Ему нисколько не было стыдно за свой поступок, ведь он действительно влюбился в Любу за ту короткую неделю, которую они считались женихом и невестой.


Ещё Андрей отправил письмо в Свердловск, матери. «Дорогая моя мамочка! – аккуратно вывел он трофейными чернилами на тетрадном листочке. – Я возвращаюсь домой с женой и котёнком!»


***

Поезд стучал колёсами, протяжно свистел и нёсся сквозь чёрную непроглядную тьму. Снопы паровозных искр стелились по покрытой мраком земле, путались в траве и гасли, царапали металлические бока эшелона. Мимо проносились бурно поросшие высокой травой косогоры, леса, поля, деревеньки, мелькали иногда вдали размазанные огни городов.


Андрей поднялся с расстеленной на соломе плащ-палатки и зашарил вокруг себя в темноте, ища фляжку с водой. Пальцы наткнулись на что-то холодное и металлическое. Кружка, – догадался Андрей.


– Ты чего не спишь? – спросил сзади сонный девичий голос.


– Попить встал, – шепнул Андрей. – Ты спи, спи.

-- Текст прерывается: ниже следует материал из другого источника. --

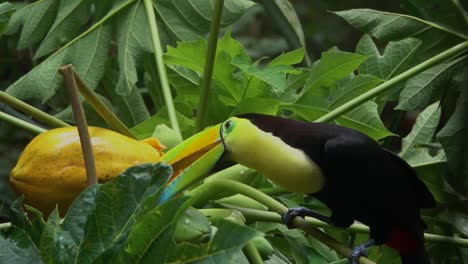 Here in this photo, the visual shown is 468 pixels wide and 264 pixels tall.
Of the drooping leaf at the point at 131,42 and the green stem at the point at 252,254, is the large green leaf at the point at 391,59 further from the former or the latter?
the green stem at the point at 252,254

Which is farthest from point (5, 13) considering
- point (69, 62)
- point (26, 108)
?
point (26, 108)

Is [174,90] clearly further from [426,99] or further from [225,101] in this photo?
[426,99]

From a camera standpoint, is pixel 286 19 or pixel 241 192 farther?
pixel 286 19

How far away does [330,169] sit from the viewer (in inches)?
33.8

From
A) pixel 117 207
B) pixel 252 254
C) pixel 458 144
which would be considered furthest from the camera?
pixel 458 144

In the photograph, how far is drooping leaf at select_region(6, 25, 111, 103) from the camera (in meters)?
1.03

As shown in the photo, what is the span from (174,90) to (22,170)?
0.29 metres

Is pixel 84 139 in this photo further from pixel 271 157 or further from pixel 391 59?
pixel 391 59

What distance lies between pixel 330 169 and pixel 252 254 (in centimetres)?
14

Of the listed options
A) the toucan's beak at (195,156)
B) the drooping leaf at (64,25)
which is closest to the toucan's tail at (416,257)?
the toucan's beak at (195,156)

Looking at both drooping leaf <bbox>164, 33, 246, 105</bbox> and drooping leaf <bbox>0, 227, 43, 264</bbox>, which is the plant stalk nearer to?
drooping leaf <bbox>0, 227, 43, 264</bbox>

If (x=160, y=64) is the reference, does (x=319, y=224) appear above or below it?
below

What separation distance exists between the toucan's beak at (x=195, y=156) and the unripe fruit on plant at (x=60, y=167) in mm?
39

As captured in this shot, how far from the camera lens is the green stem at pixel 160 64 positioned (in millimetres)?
945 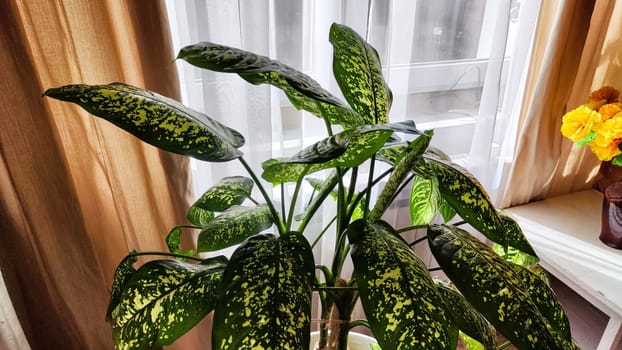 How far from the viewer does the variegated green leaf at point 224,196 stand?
0.71 meters

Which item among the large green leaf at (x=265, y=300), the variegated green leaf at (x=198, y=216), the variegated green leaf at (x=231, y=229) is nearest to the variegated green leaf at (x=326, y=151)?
the large green leaf at (x=265, y=300)

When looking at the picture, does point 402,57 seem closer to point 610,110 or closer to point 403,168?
point 610,110

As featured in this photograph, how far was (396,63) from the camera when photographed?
112 centimetres

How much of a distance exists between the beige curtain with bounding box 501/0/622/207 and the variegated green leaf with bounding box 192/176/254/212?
92 cm

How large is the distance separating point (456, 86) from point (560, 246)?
53cm

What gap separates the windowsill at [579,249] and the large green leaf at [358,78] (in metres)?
0.83

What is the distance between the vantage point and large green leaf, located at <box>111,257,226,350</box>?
1.76 ft

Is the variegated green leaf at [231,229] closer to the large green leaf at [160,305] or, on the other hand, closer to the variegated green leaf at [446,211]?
the large green leaf at [160,305]

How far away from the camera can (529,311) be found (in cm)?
48

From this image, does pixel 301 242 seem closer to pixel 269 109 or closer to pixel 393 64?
pixel 269 109

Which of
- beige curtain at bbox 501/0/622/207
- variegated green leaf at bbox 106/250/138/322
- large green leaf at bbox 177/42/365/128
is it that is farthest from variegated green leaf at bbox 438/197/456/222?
beige curtain at bbox 501/0/622/207

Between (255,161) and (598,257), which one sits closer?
(255,161)

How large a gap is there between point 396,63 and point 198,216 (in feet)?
2.07

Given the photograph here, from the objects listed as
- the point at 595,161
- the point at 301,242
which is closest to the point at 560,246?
the point at 595,161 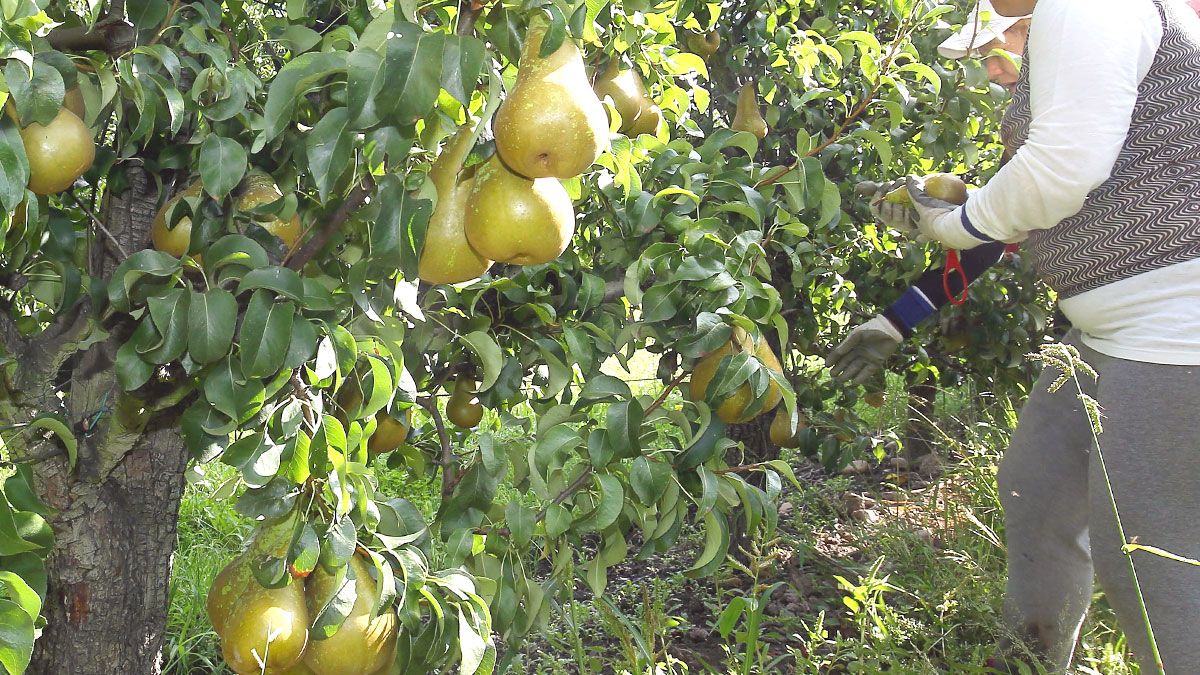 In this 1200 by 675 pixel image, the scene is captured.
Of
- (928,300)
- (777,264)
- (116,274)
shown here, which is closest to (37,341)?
(116,274)

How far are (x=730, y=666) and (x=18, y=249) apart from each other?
1.57m

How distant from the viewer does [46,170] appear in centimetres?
101

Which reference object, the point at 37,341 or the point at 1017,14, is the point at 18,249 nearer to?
the point at 37,341

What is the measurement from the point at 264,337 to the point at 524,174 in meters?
0.29

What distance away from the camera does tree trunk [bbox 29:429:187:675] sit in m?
1.43

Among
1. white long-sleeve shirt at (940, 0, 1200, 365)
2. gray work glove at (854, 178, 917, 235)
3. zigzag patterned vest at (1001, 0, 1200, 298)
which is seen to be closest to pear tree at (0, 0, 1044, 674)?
white long-sleeve shirt at (940, 0, 1200, 365)

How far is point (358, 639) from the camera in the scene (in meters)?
1.01

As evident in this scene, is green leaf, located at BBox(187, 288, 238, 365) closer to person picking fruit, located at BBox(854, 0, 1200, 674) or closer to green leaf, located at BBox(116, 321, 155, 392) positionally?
green leaf, located at BBox(116, 321, 155, 392)

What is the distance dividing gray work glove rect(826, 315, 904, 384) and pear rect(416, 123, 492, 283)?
4.71ft

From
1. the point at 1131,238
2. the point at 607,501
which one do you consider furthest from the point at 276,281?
the point at 1131,238

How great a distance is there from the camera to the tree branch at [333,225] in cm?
108

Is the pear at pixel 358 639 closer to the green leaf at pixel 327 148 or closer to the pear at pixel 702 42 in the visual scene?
the green leaf at pixel 327 148

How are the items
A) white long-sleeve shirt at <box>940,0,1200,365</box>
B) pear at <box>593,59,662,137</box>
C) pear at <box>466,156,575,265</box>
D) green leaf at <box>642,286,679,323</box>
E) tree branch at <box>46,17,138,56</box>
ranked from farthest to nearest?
white long-sleeve shirt at <box>940,0,1200,365</box> < pear at <box>593,59,662,137</box> < green leaf at <box>642,286,679,323</box> < tree branch at <box>46,17,138,56</box> < pear at <box>466,156,575,265</box>

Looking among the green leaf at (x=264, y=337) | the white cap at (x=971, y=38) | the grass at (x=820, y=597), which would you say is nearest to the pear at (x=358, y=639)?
the green leaf at (x=264, y=337) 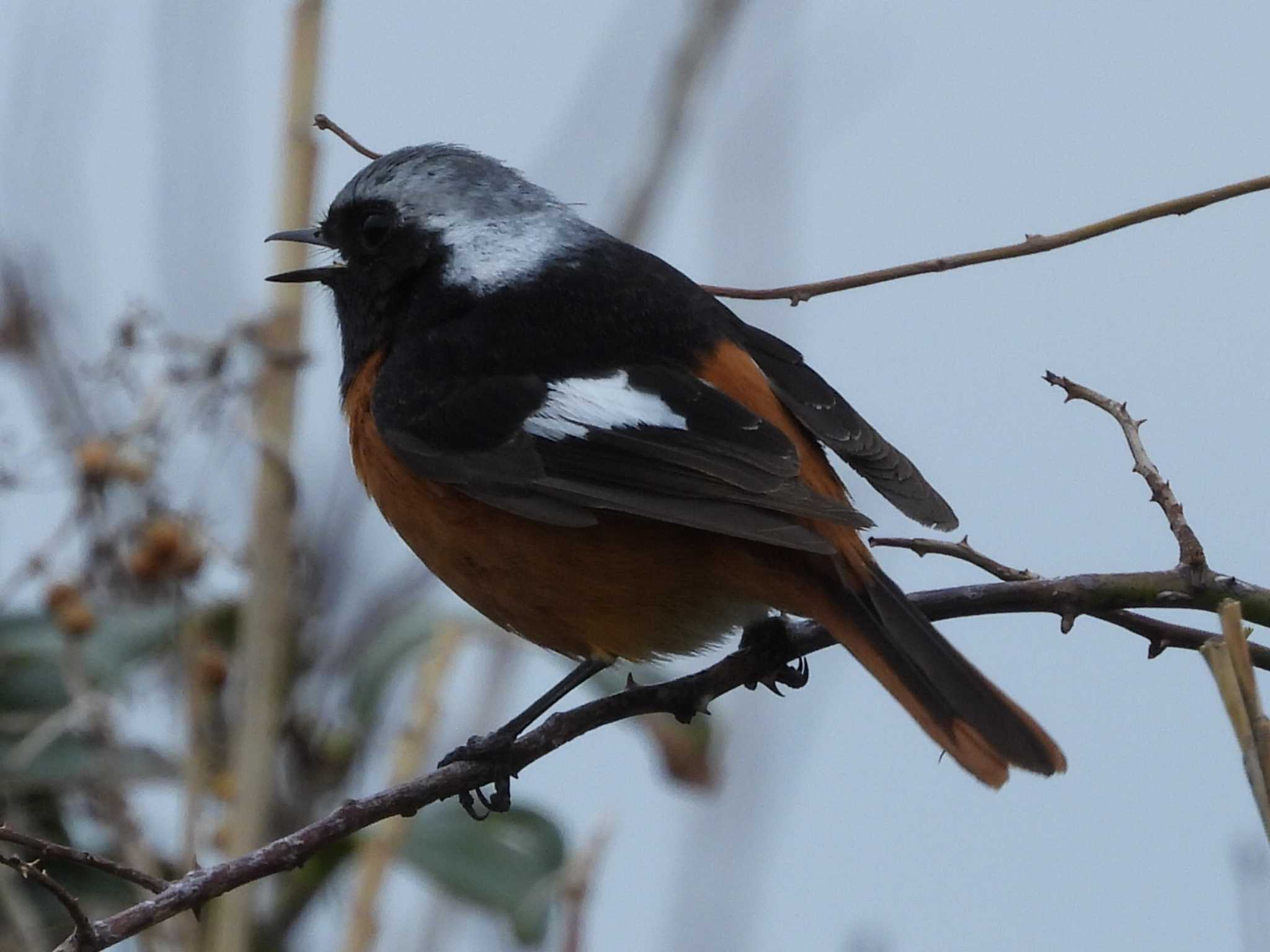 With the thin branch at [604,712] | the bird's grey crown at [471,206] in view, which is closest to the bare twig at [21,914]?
the thin branch at [604,712]

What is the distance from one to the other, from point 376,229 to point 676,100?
0.69 meters

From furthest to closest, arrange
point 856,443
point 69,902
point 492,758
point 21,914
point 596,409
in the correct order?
point 21,914, point 856,443, point 596,409, point 492,758, point 69,902

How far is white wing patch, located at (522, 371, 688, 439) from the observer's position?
3.00 meters

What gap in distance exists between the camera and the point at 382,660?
4109 mm

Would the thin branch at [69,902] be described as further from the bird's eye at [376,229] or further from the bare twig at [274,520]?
the bird's eye at [376,229]

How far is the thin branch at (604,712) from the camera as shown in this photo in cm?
209

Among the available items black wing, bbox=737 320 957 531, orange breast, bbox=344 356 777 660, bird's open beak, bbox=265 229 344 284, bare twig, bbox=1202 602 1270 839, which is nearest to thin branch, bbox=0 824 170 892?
orange breast, bbox=344 356 777 660

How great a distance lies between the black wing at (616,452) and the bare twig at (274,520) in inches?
19.4

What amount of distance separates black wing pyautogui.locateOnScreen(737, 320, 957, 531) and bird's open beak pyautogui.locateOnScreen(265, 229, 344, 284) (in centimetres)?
94

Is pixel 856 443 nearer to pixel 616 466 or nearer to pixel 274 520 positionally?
pixel 616 466

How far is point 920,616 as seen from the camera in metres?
2.67

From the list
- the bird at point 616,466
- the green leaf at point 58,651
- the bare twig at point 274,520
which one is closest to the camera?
the bird at point 616,466

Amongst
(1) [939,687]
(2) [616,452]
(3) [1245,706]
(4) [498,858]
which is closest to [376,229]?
(2) [616,452]

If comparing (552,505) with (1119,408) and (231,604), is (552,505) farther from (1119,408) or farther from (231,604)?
(231,604) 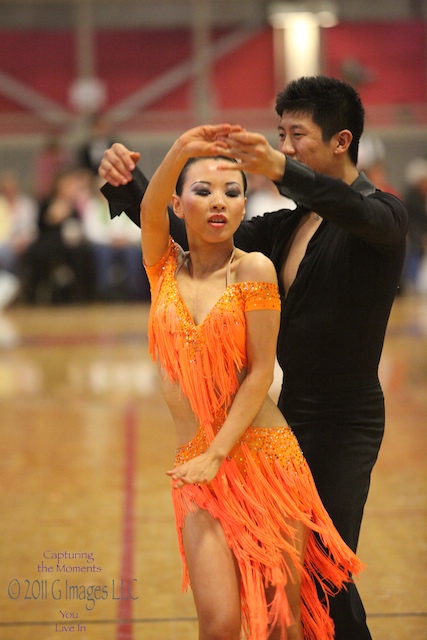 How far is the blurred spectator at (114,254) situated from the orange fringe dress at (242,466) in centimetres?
1004

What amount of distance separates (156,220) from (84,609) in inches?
63.7

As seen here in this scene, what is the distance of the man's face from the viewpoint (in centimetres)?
260

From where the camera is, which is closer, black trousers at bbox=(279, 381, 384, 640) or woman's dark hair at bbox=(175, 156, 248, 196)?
woman's dark hair at bbox=(175, 156, 248, 196)

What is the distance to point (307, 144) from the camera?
260cm

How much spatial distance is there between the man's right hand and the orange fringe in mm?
739

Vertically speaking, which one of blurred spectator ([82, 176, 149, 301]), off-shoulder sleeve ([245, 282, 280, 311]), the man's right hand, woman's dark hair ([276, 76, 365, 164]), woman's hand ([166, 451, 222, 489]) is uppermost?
woman's dark hair ([276, 76, 365, 164])

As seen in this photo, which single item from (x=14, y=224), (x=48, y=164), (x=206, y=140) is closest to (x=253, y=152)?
(x=206, y=140)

Он наконец нашёл фляжку, впотьмах отвинтил пробку и глотнул прохладную свежую воду.


Уже четвёртые сутки они ехали на Восток. Домой. Им с Любой, как молодожёнам, позволили ехать в отдельном вагоне. Берлин пал, оставшиеся в живых немецкие генералы безоговорочно капитулировали, признав за русскими победу. В тот день, когда объявили об этом, Берлин ликовал. Не немцы – Красная Армия. Немцы наоборот в страхе попрятались по домам. Солдаты с громкими радостными воплями вовсю палили из автоматов и плясали прямо посреди заваленных обломками, разрушенных улиц. И Андрей с Любой радовались вместе со всеми – правда, в госпитале, а не в немецкой столице.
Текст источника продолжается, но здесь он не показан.